You aren’t as good at the lifts as an Olympic-level weightlifter. Remember, weightlifting is a sport. It is a skill and unless you have a lot of years under your belt, perfecting the lifts, you aren’t even remotely close to having the lifts make a significant impact on your athletic performance.

If you are going to get the most out of training the Olympic lifts, it absolutely matters that you are skilled from a technical viewpoint.

For example, outside of elite status Olympic weightlifters, very few lifters actually achieve full hip extension during the lifts. Meaning, they aren't fully developing powerful hip extension. Full, powerful hip extension is essential to developing explosive athletic qualities seen in sprinting, jumping, and throwing.

So, as an athlete, why would you perform a series of exercises that are ultimately going to take years of practice to learn while reaping little benefit from that effort? Sure, plenty of people think they have "learned" the lifts, but reality is they are far off the mark.

It takes time, a lot of time, to learn how to do the lifts properly. Achieving rapid, full hip extension is not an easy task and don't let anyone convince you otherwise. Nobody ever mastered the lifts in a matter of weeks.

So when it comes down to appropriately addressing power-speed development in athletes, it should become clear that there is potentially wasted time and energy in truly learning the Olympic lifts. Similar training results can be achieved with more basic exercises without the high technical demands.
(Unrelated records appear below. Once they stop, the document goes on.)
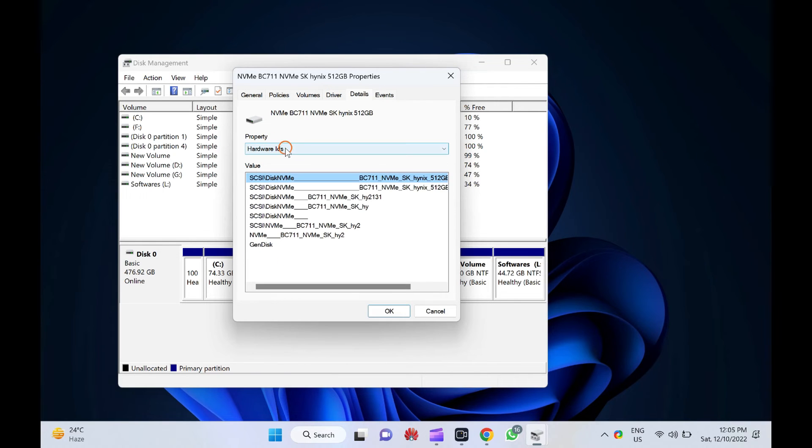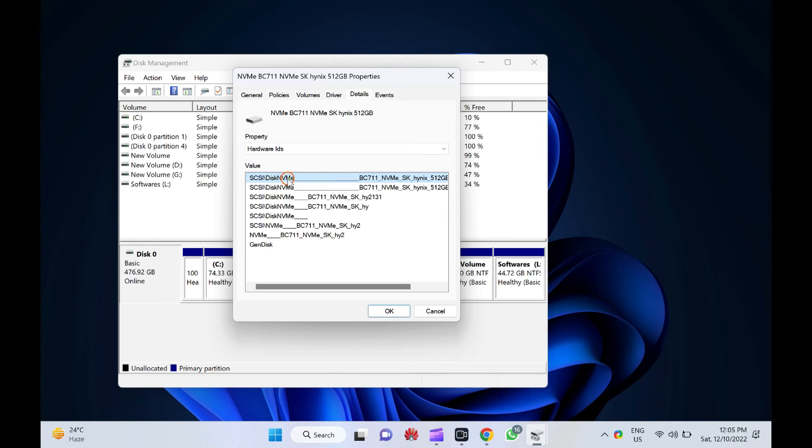If your SSD type is NVMe, you will see NVMe mentioned in the value fields. If not, you will see SATA or any other value.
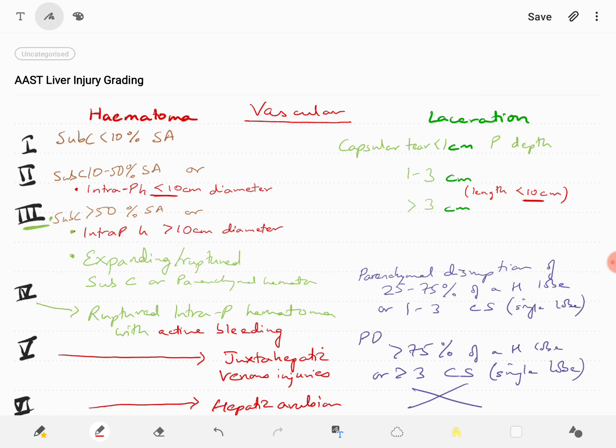To summarize: grade 1 liver injury is subcapsular hematoma of less than 10 percent surface area, or laceration which is a capsular tear of less than 1 centimeter parenchymal depth. Grade 2 liver injury is subcapsular hematoma of 10 to 50 percent surface area, or intraparenchymal hematoma of less than 10 centimeter diameter, or laceration of 1 to 3 centimeter parenchymal depth with length less than 10 centimeter.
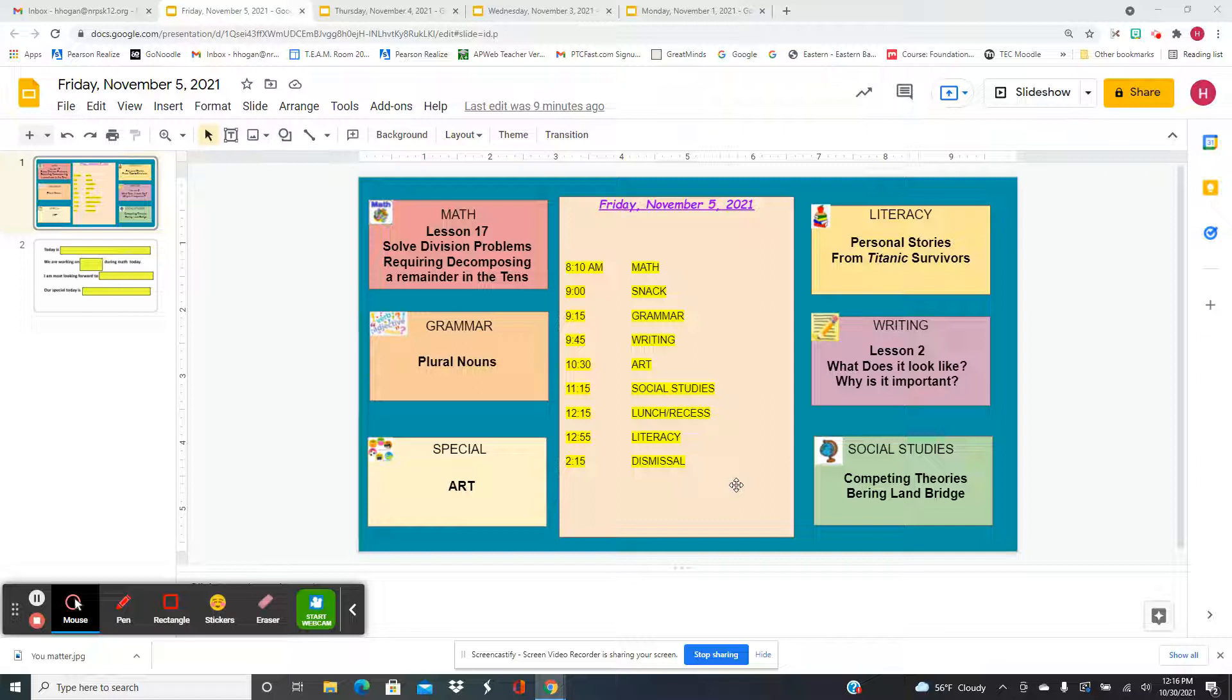After lunch and recess for literacy, we're going to read some stories from Titanic survivors and complete a data table with their information.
Looking for ways to develop powerful hip extensions? Variations of sprints, jumps, and med ball throws get the job done faster with greater dynamic correspondence. Unless you are competing in weightlifting, the Olympic lifts don't offer much in dynamic correspondence to many athletes. Consider movements specific to your sport. Whether it is skating or shooting in hockey, throwing a baseball, covering a wide receiver, or kicking a soccer ball, there are very few specific connections with the Olympics lifts when you look at the movement patterns.

For an athlete, the Olympic lifts become very general in their ability to train resisted hip extension and reactivity.

As an athlete, your goal is to get better at your sport. Specificity in training matters. You could be wasting valuable time and energy resources on learning lifts that have little impact on your abilities to perform in competition.

Concluding Thoughts
I’m not here to bash on the Olympic lifts. They can serve a purpose in developing explosive hip extension and reactive/plyometric qualities. However, there are problems that exist with their use and implementation in the training programs of athletes. As mentioned previously, outside of competitive weightlifters, the Olympic lifts lack specificity. Specificity and dynamic correspondence are critical for any athlete. The Olympics lifts also impose greater structural risk and this could be considered unnecessary when developing athletes. The goal of athletic development is to maximize training results while minimizing structural risk. Consider variations of sprints, jumps, and throws. These alternatives are easier to implement and progress, thus providing both athletes and coaches the ability to master power-speed qualities specific to the athlete's sport form.